主人公はすぐにピトフーイのそばへ寄る。古い衣類やシーツを重ねただけの、ないよりはましな程度のクッションの上で体を丸めているピトフーイの姿は、親指姫のツバメを思い出させる。
「やあ嬢ちゃん、……首尾はどうだい? 復員兵には会えたのか?」
「どうしてこんなところにいるの! けがもしているじゃない……」
「そうだなあ、こういう時はもっときれいな場所にいたいんだが。って、かくまわれててそれはないな」
暗がりでも艶っぽく輝く長い黒髪と、殴打の痕跡がいくつかある東洋人の肌の一部が露わになっている。左手の甲から腕にかけては包帯が巻かれているが、不潔な下水道が手伝うわけにもいかなかったので、あまり的確に止血できてはいない。
「早くお医者さんに行かなきゃ。傷が悪くなってしまうわ」
「心配してくれてすまないな。大丈夫だ、オレは。痛くもないし、ここでの傷なんて見た目より早く治るさ」
「うそよ、うそ、そんなの……はやく治さないと……」
「大丈夫だって!」
ケガか、もしくは白い包帯を見て、主人公は動転しているようだった。ピトフーイは笑って主人公の肩に手を伸ばした。しばらくなでられると、少し落ち着いたようだ。
「本当? 本当なの? ……ねえ、どうしたの。何があったの」
「ん、嬢ちゃんも知って……知ってるんだよな? 下水道よ」
「ああ、騒ぎがあったことだけなら。お前、ギャラリストのアジトで俺に放り投げられただろう。あの時のことだ」
排水管から溢れるヒルが群れを成し、編みあがり、壁を作っていく。下水道は、ヒルの壁に埋め込まれた巨大な瞳をふたりに向けた。

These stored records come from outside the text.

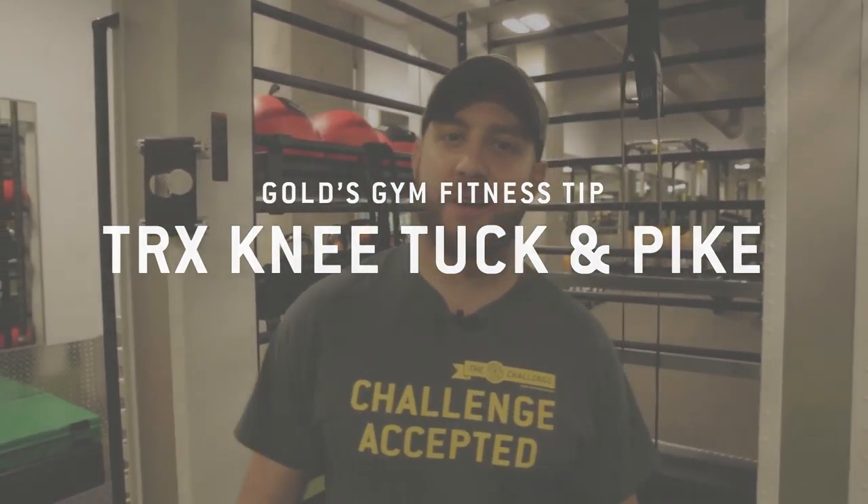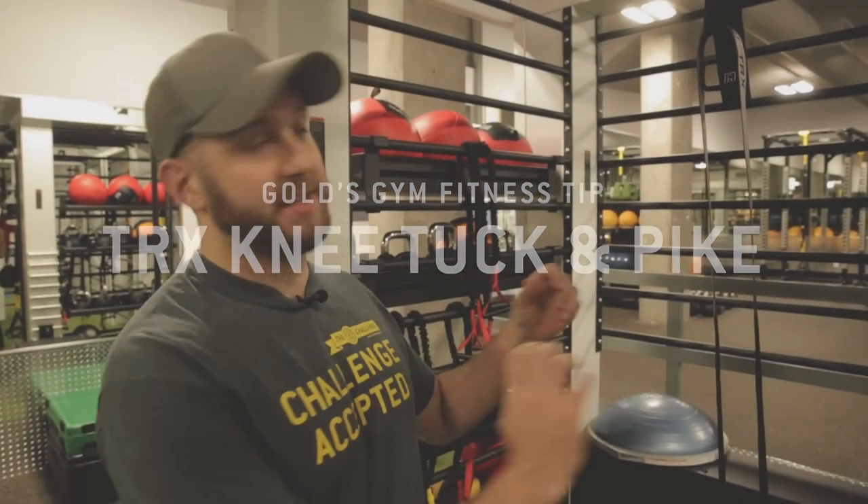Hey everybody, it's Matt, one of the trainers here at Gold's Gym. We have the TRX down on the main floor now, so I'm just going to show you a few ab exercises that you can do in TRX to really help tone and strengthen your core.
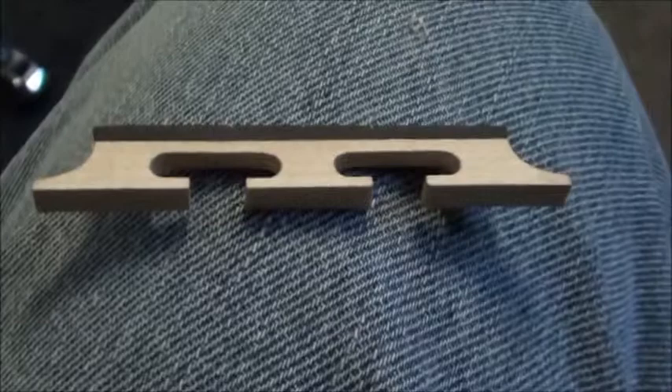Hi everybody. I have a banjo bridge here and I want to show you guys how to flatten the feet out and get your string height distance correct on the banjo.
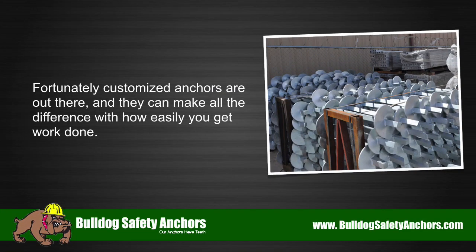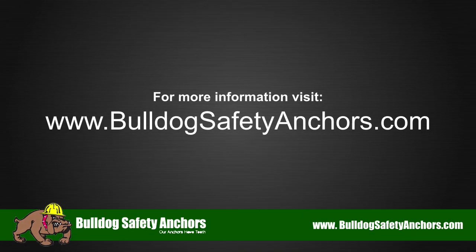Fortunately, customized anchors are out there and they can make all the difference with how easily you get work done. For more information, visit BulldogSafetyAnchors.com. Thank you.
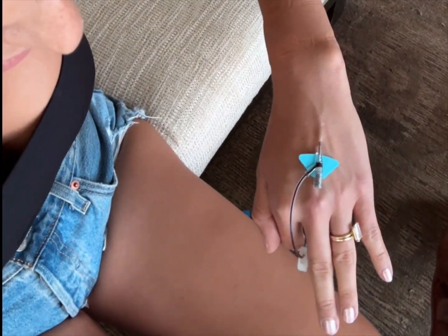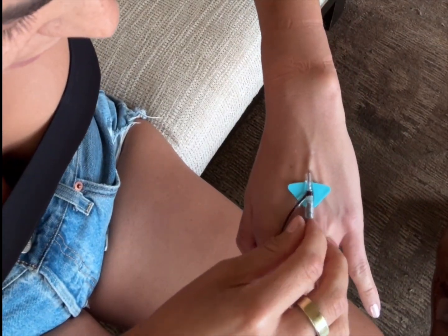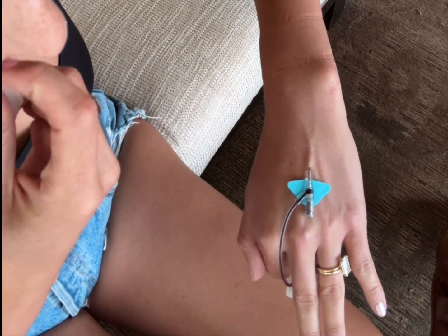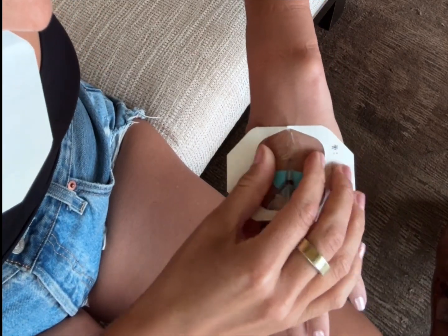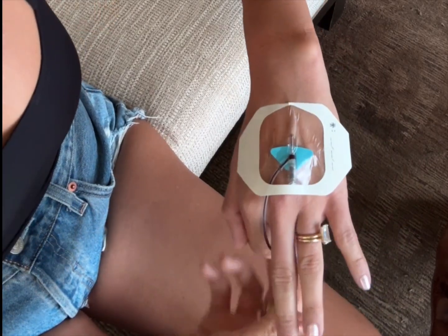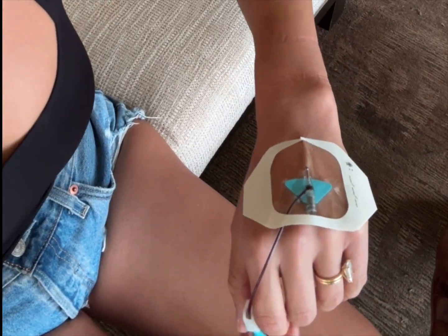Now I know I'm in. I'm going to leave a little bit of the catheter out - nothing too crazy - so it doesn't slip out on me, and then I'll attach my extension set.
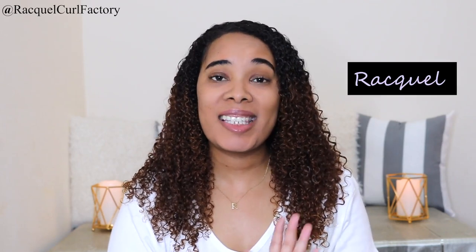Hi guys, welcome back to The Coal Factory. It's Tocquelle. Today is another review and I'll be reviewing a shampoo from ORS — the ORS olive oil for naturals infused with ghee butter and coconut. This is the butter blush shampoo which is sulfate free.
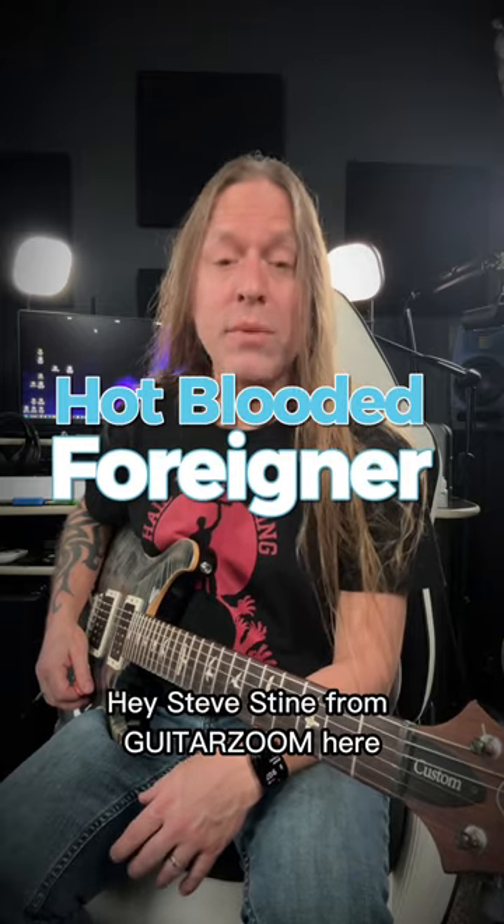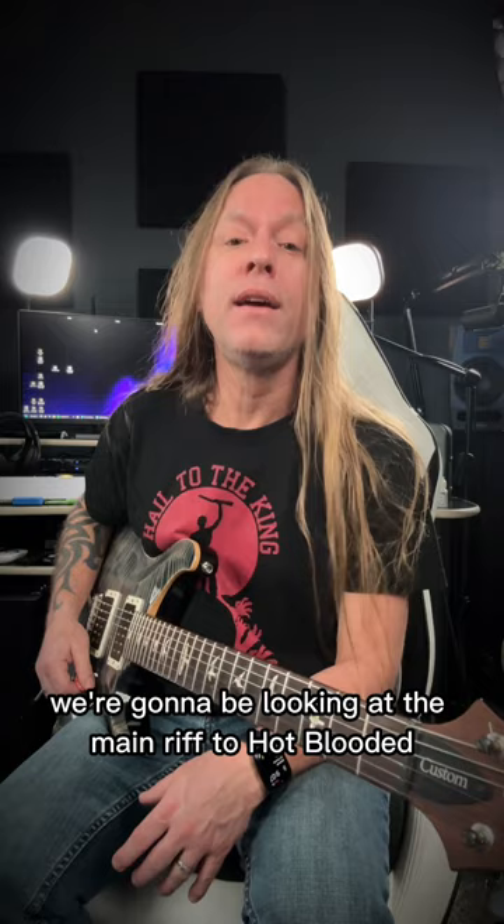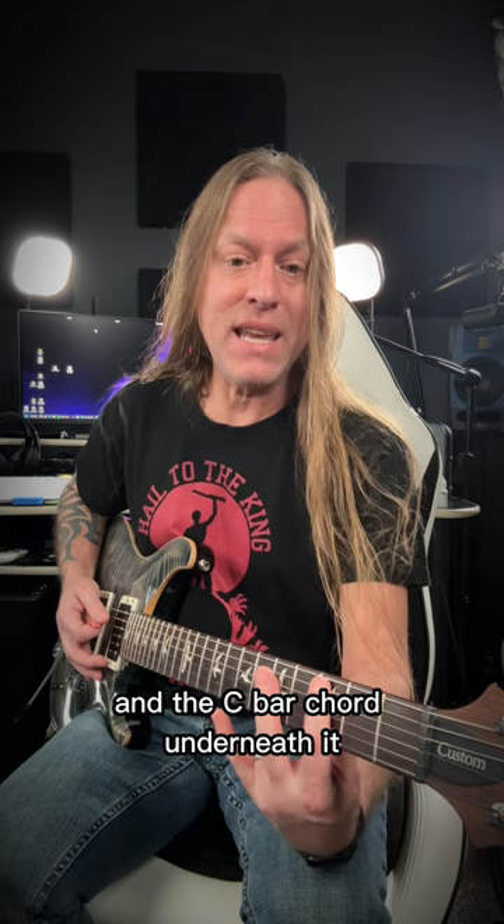Hey, Steve Stein from GuitarZoom here, and in this video we're going to be looking at the main riff to Hot-Blooded by Foreigner. What we're going to be using is a bar chord, the G bar chord, and the C bar chord underneath it.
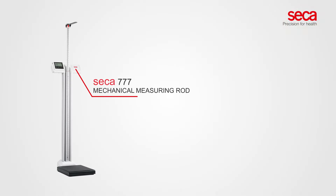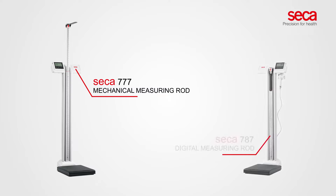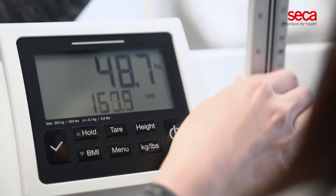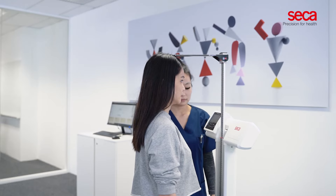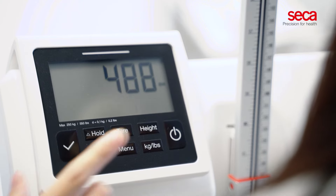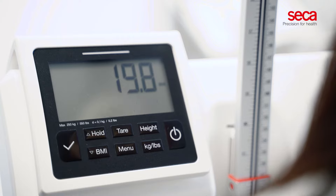The CECA 777 comes with a mechanical measuring rod. The CECA 787 is equipped with a digital measuring rod for even more convenience. Both extend up to 230 centimeters each. You can also calculate a patient's BMI with just a single press of a button.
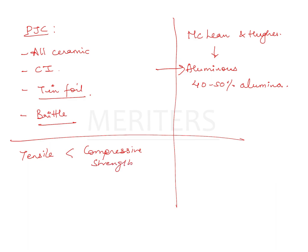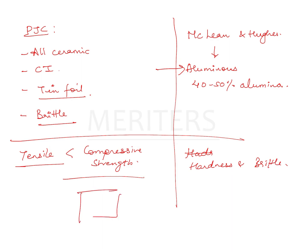It's important to understand the difference between hardness and brittleness — both are different. Something which can be easily compressed will not be hard; it will be soft. So high compressive strength means the material is hard.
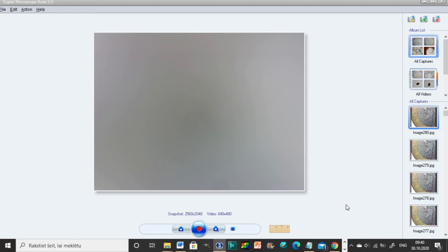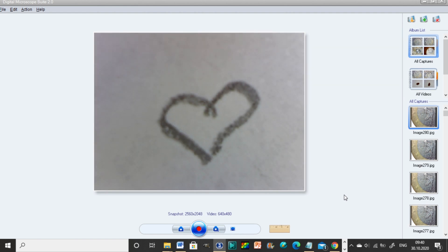The microscope does come with its own software — here you can see it. The thing is, there is no in-between magnification, as you can see with this heart I drew with pencil on a sheet of paper — whether you look at it with 10 times magnification or 150 times.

「そっかそっか。知ってはいたか。これはその時に怪我したんだよ」
気楽そうに言うピトフーイを見ながら、主人公は何かを思い出そうとしているようだった。
「ピトフーイさん、その時いたの? ……何が起こっていたの?」
「ああ。率直に言うと、オレは嬢ちゃんを誘拐しようとしていた」
「えっ、なんで、……」
主人公は尋ねる。しかし心当たりはあるだろう。
「あのアジトに、ひとつ大きい窓があっただろ。嬢ちゃんが前に寝ていた部屋。そこから入ろうとした時にちょっとあってね、あいつ、あんまりあの部屋にはいないと思っていたんだけどなあ。……ここまでされるとは、わりと嫌な気分だよ」
「……ギャラリストさんがやったのね」
「ん? 理解が早いね? てっきりもう少し取り乱すかと思ったよ」
「大丈夫。わたし、多分、受けとめなきゃいけないこと、たくさんあると思うの。ギャラリストさんが、どうしてこんなに怒るのかも、きっと知らなきゃいけないし……」
「ああ、他人の気持ちなんて、嬢ちゃんが思ってるより大したことのないものだよ。あいつがイライラしてたって気にしなくていい。ムシの居所が悪い日なんて、誰にだってある」
「そんな、わたしは……どうすれば一番よかったのかしら」
汚いコンクリートの上に垂れた、ピトフーイの髪をクッションの上に乗せてやってから、主人公は下水道の目玉を見上げた。下水道にはこの少女を導いてやる資格などない。少し……悔やまれた。